He might not be an oil painting, but his career has left a trail of under-appreciated, under-rated gems, from Celt punks Doll By Doll, through a vicious street attack that nearly left him unable to speak, to heroin addiction, to a solo career that has been ludicrously prolific even without the many additional fan club-only releases.
There are no surprises on Lovers At The Gun Club, Leven’s 14th official solo studio release, but when you’ve got a following as loyal as his, there’s no reason for any. He’s found his formula and what he does (dark, gravely, dirty folk) he does very, very well.
Recorded in Snowdonia rather than his native Scotland, this would be a fabulous album to listen to in the wilderness of any country. Vocals on the title track are sung by his ‘absinthe-drinking pal’ Johnny O’Dowd, who also helps out on Dent In The Fender And The Wheel Of Fate; Leven describes the opening song as’a psychosexual voodoo redneck tale’ – a description that would carry well over the whole album.
What follows is truly beautiful collection of songs, with Dent In The Fender… sparkling even brighter than normal amid the rough diamonds. Languid and dark, suffused with midnight weariness but impossible to ignore, it’s the type of music that might fool you into thinking it can be put on in the background but, once it’s there, will grab your attention and refuse to let go.
Tracks such as My Old Home should be all you need in life, if you’ve got any soul at all, while the delicate fragility of Woman In A Car defies anyone not to fall in love with it.
Long since freed from the need to make music for anyone other than himself and the loyal band of followers who want exactly what he’s peddling, Leven is free to indulge himself in such personal projects as To Whom It May Concern, a setting to music of the words of the late American beat poet Kenneth Patchen. He then hands the final track of the album over to another friend, David Childers, as a sampler of Childers’ own album, Called Or Not Called, The Gods Are Present.

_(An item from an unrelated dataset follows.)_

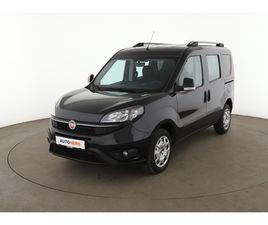 FIAT DOBLO 1.4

All in all, the themes of Lovers At The Gun Club seem overtly American at times, swimming with US folk influences from the style of the music to the themes of the songs, despite references to such unmistakeable Britishness as Somerfield carrier bags and Sunderland fans. This enhances rather than diminishes it, though, enabling Lovers At The Gun Club to be held up and measured against the hardest, roughest-edged folk blues and heartfelt alt.folk you can name. Don’t worry: it more than holds its own.